I have not been to Sarek, but in lieu of answers from people with that experience I can offer a few suggestions from following retired tracks or going off-track/out of season in the Kebnekaise area and some satellite images to compare with.
I expect you have a reasonable level of experience - it sounds like you are aware of your own abilities/limitations.
The time is good - late September/very early October has given me my best experiences up there, with few mozzies.
The two things I would say, which may not require saying, is take enough time. When it went well for me in Kebnekaise I was negotiating with the train staff to move my ticket one day earlier at the end (and usually they have been kind there)!
I averaged ~25km per day last time in Kebnekaise with perfect weather, but I doubt I would be able to do that in Sarek.
(And take a pole for fording/crossing streams.)

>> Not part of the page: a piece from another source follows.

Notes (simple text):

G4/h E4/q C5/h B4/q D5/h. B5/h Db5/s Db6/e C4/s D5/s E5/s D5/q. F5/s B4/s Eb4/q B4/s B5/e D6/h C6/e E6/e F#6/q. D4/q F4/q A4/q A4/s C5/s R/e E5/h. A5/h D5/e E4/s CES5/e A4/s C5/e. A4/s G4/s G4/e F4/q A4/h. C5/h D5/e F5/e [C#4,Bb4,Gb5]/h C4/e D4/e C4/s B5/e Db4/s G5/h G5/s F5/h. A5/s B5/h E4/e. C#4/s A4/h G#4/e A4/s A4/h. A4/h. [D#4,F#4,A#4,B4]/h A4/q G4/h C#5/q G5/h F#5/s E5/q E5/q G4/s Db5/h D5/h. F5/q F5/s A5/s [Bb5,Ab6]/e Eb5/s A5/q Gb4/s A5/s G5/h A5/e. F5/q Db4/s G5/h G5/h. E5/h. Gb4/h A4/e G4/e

The obstacles I see on the satellite map for your route are essentially what you mentioned, I would just add trees/forest, the latter looks to be there for the Southern and Western parts, but at least there seems to be a good trail in from Kvikkjokk at the beginning.

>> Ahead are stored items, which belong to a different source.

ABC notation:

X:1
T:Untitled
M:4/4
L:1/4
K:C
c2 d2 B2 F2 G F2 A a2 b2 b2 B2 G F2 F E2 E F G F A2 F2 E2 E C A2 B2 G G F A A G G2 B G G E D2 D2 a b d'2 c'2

I wouldn't be surprised if you had to seek higher ground to get around it a couple of places. As an example, this North->South flowing stream/jokk and its ravines in Kebnekaise I could not pass during melting season, and the forest around them was dense, meaning I would have to backtrack far to get high enough up to cross the stream. The latter is relevant for you - very green areas where no tree trunks are visible on images may be hard to cross.
Bushes - there could be a lot of those. For example, this part in Kebnekaise, following an old track marked on older maps, but not newer ones required gaiters for me or my legs would get sore from essentially a slow birching or willowing now and then!

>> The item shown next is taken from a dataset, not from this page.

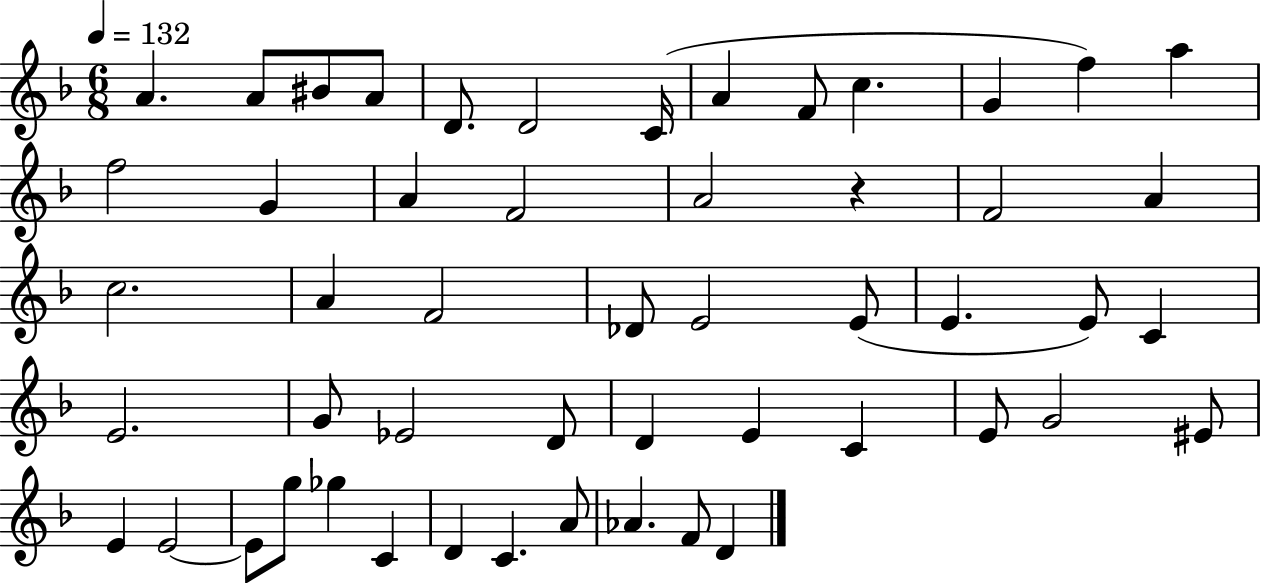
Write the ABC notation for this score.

My book which shows pictures of the Rapa Valley (top of your route goes on the south side of it) makes it look like it is very wet, so again, I imagine high ground would be more comfortable. Your route does seem to take it, although it looks very green. Hard to see in the shade on those images though.
Possibly worth nipping behind one or two of the mountain outliers there if you are OK walking on rocks and the weather is good.
This area on the South side of the Vistas valley is an example of terrain with a bit of forest and wet in places (but no bushes), that is passable to get to Lisas Stuga roughly bottom right, but it is hard work.
Post a link to pictures/trip report in a comment!